Röportajın, Star gazetesinde birinci sayfaya “Türk Öğün, Çalış, Güvenme” başlığıyla manşetten verildiğini belirten yazar, kendisinin gazeteden ayrıldıktan sonra bile gazeteci arkadaşlarının haberin peşini bırakmadığını ve dört yıl sonra ‘genç kızın’ yeniden “Helal Olsun” başlığıyla manşet yapıldığını aktardı:
“O KIZ HAFİZE GAYE ERKAN’DI…”
“O kızımız gerçekten ABD’ye gitmişti, Princeton’da doktorasını tamamlamıştı, ayda 15 bin dolar maaşla işe başlamıştı.
Hikayenin mutlu sonla bittiğini zannediyorduk ama, aslında bitmemişti, hatta yeni başlıyordu...
O manşet yaptığımız genç kızımız Goldman Sachs’ta işe başladı, yıllarca orada çalıştı, sonra First Republic Bank’e girdi, o bankada yükseldi yükseldi, ceo oldu, sonra o bankadan ayrıldı, hatta o banka battı, mücevherci Tiffany’de yönetim kurulu üyesi oldu, oradan da ayrıldı, yıllaaaaar önce “bir gün mutlaka geri döneceğim” dediği gibi, geri döndü, Türkiye Cumhuriyet Merkez Bankası başkanı oldu, Türkiye Cumhuriyet Merkez Bankası’nın ilk kadın başkanı oldu.
Evet, tee 2001 yılında gazeteye telefon edip, devleti ve Türk şirketlerini öfkeyle şikayet eden o hırslı baba, Hafize Gaye Erkan’ın babasıydı!
Sonrası malum...
Merkez Bankası başkanı sıfatıyla yandaş medyaya tuhaf tuhaf röportajlar vermeye başladı, New York’tan bile pahalı olduğu için İstanbul’da ev kiralayamadığını, annesinin evine taşındığını anlattı, market fiyatlarını apartmanın kapıcısı Sadık abiye sorduğunu filan söyledi, demeye kalmadı, babasının Merkez Bankası’nda adeta yönetici gibi her işe karıştığı, babasına özel oda tahsis edildiği, makam aracı tahsis edildiği, babasının canını sıkan personeli işten attırdığı yolunda haberler patladı, e bunlar ayyuka çıkınca, “itibar suikastına uğradım” diyerek, istifa etmek zorunda kaldı. İstifa etmesine rağmen, “görevden alındı” şeklinde resmi açıklama yapıldı.

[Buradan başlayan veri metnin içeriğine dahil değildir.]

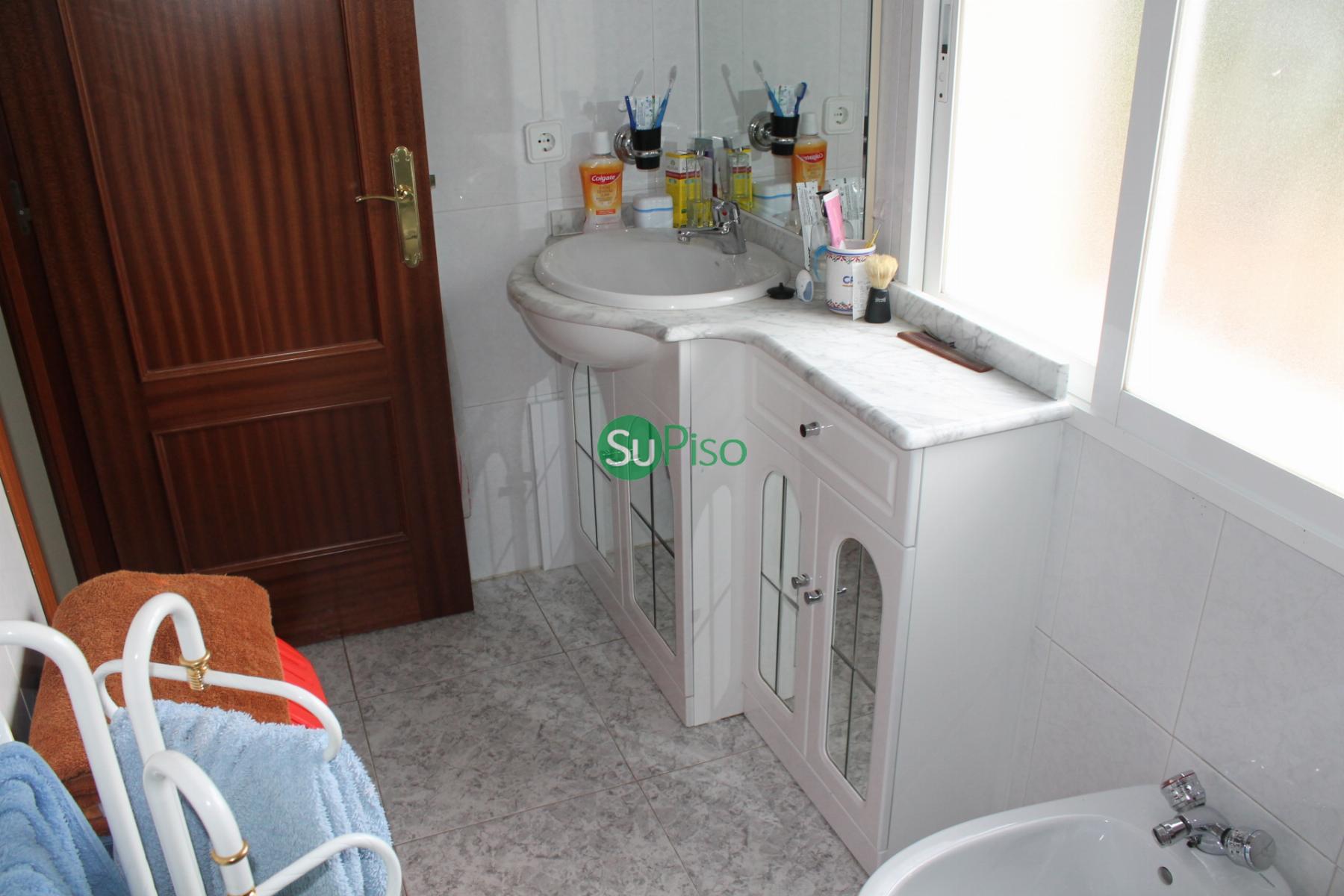 For sale of house in Borox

Peri masalı sadece yedi ay sürmüştü. Tee 2001 yılında birinci sayfaya manşet yaptığımız baba-kız, yine kırgındı, yine öfke doluydu. Ama bu defa bavulu toplayıp ABD’ye gitmek yerine, Türkiye’de kalmayı tercih ettiler. Koskoca Türkiye Cumhuriyet Merkez Bankası başkanının ulusal veya uluslararası şirketler tarafından havada kapılması gerekirken, işsiz güçsüz oturması tuhaf ötesiydi ama, öyle oldu, bir yıldır öööyle oturuyordu.”
“ABD AYNI GENCİMİZİ BİZE ‘TORPİLLE’ GÖNDERDİ”
O dönem torpil ve liyakatsizlikten yakınan ailenin hikayesini aktaran Yılmaz Özdil, Hafize Gaye Erkan'ın geçtiğimiz gün Resmi Gazete'de yayımlanarak kurulduğu duyurulan 'Yatırım ve Finans Ofisi'ne ABD tarafından torpille atandığını ileri sürerek şu ifadeleri kullandı:
“24 yıl önce gazeteye röportaj vererek, bedava staj yapmak istemesine rağmen hiçbir şirketin kendisini kabul etmediğini anlatan o üzgün kız, adeta aynı çaresizliği tekrar yaşıyordu, bu defa tek farkı vardı, artık haber bile yapılmıyordu. Taa ki, geçen haftaya kadar...
Geçen hafta aniden fısıltı gazetesi devreye girdi, Ankara kulislerinde yeniden ismi fısıldanmaya başlandı. Niye?
Niyesi şu... Gümrük vergileriyle dünya ekonomisini dizayn etmeye başlayan Trump, yakın arkadaşı, dolar milyarderi emlakçı Tom Barrack’ı Türkiye’ye ABD büyükelçisi olarak atadı. Risk sermayedarı olan, haczin eşiğindeki gayrimenkulleri alıp satan, Katar’la, Katar varlık fonuyla sık sık “ortak” olarak çalışan Tom Barrack’ın, bizim açımızdan bir diğer önemli özelliği, Gaye Erkan’la birlikte, aynı dönemde, First Republic Bank’te yönetim kurulu üyesi olmasıydı. Demeye kalmadı, eşzamanlı olarak, Resmi Gazete’de zart diye kararname yayımlandı, “yatırım ve finans ofisi” kuruldu.
E, fısıltılar patladı. Emlakçı arkadaşı Tom Barrack’ı büyükelçi olarak gönderen Beyaz Saray’ın, büyükelçinin mesai arkadaşı Gaye Erkan’ı da bizim saraya dayattığı konuşulmaya başlandı. Hırslı ve kırgın baba-kızın, merkez bankasının değil, bu defa komple ekonominin başına geleceği konuşulmaya başlandı.
Hayat ne enteresan değil mi... Tee 24 yıl önce liyakatsizlikle mücadele etmek için “torpil” haberi yapıyorsun, Türkiye’deki “torpil” kangreni yüzünden eğitimli gençlerimizi ABD’ye kaptırdığımızı haber yapıyorsun, tee 24 yıl sonra aynı ABD’nin aynı gencimizi bize “torpil”le gönderdiği haber oluyor!”